The Liberal Democrat group of MPs issued a letter to Sunak saying Netanyahu’s visit risked sending a signal that the UK supported Israel’s actions, and urged the prime minister to challenge the threat to judicial independence.

There is also deep frustration among some Arab diplomats at what they see as a British business-as-usual approach to an Israeli government they say is different in character to any of its predecessors, a fact they feel Britain is failing to acknowledge. It is being contrasted with the more robust stance being taken by the Biden administration

The anger, in part, stems from the UK signing a map of friendship with Israel, marking out plans for closer bilateral ties until 2030. The document made no reference to a two-state solution for the Palestinian issue.

The Palestinian ambassador to the UK, Husam Zomlot, described the roadmap and Netanyahu’s visit as a profound step backwards for the chances of peace based on a two-state outcome.
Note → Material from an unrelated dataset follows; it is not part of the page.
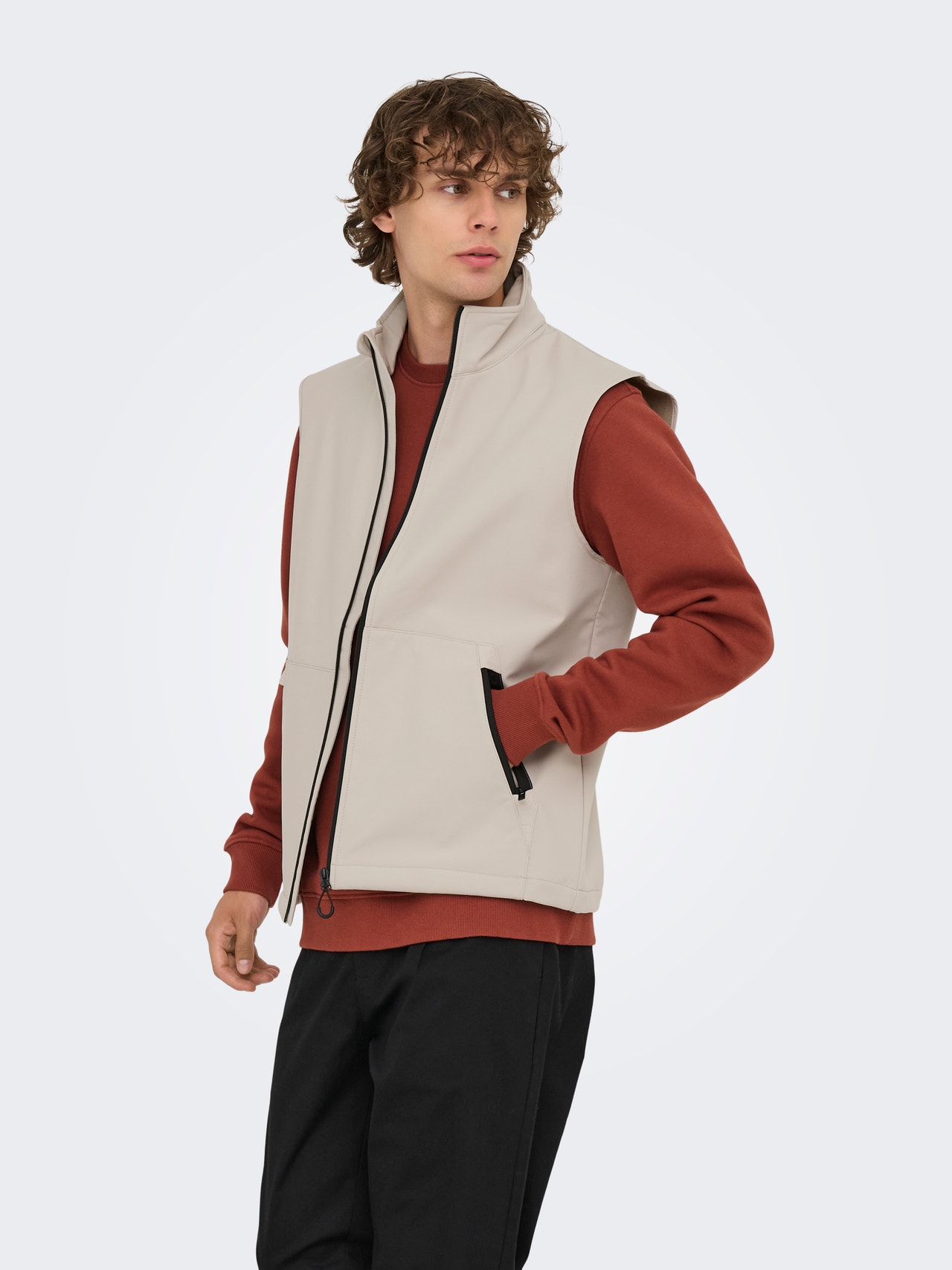 ONLY & SONS Onsbowie Life Vest OTW voor heren, Castor Gray, XL ONLY & SONS Onsbowie Life Vest OTW voor heren, Castor Gray, XL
The 2030 agreements, he said, represented “an abdication of the UK’s responsibilities under international law and the UK’s unique responsibility for the Palestinian issue”.

He said in the context of quickening settlement development, a rise in settler terrorism and avowedly racist remarks being made by members of the Netanyahu’s government, the UK was “sending precisely the wrong message at the wrong time” by rewarding Israel with expanded trade technology and security ties.

The Jordanian foreign minister, Ayman Safadi, who met the UK foreign secretary, James Cleverly, on Wednesday, has been infuriated by the claims of Israel’s far-right finance minister, Bezalel Smotrich, who said there was no such thing as Palestinian people.

Safadi followed up his protests in a phone call on Thursday with the EU foreign policy chief Josep Borrel, saying the Israeli government must reject “the reckless and disgusting remarks” of its finance minister.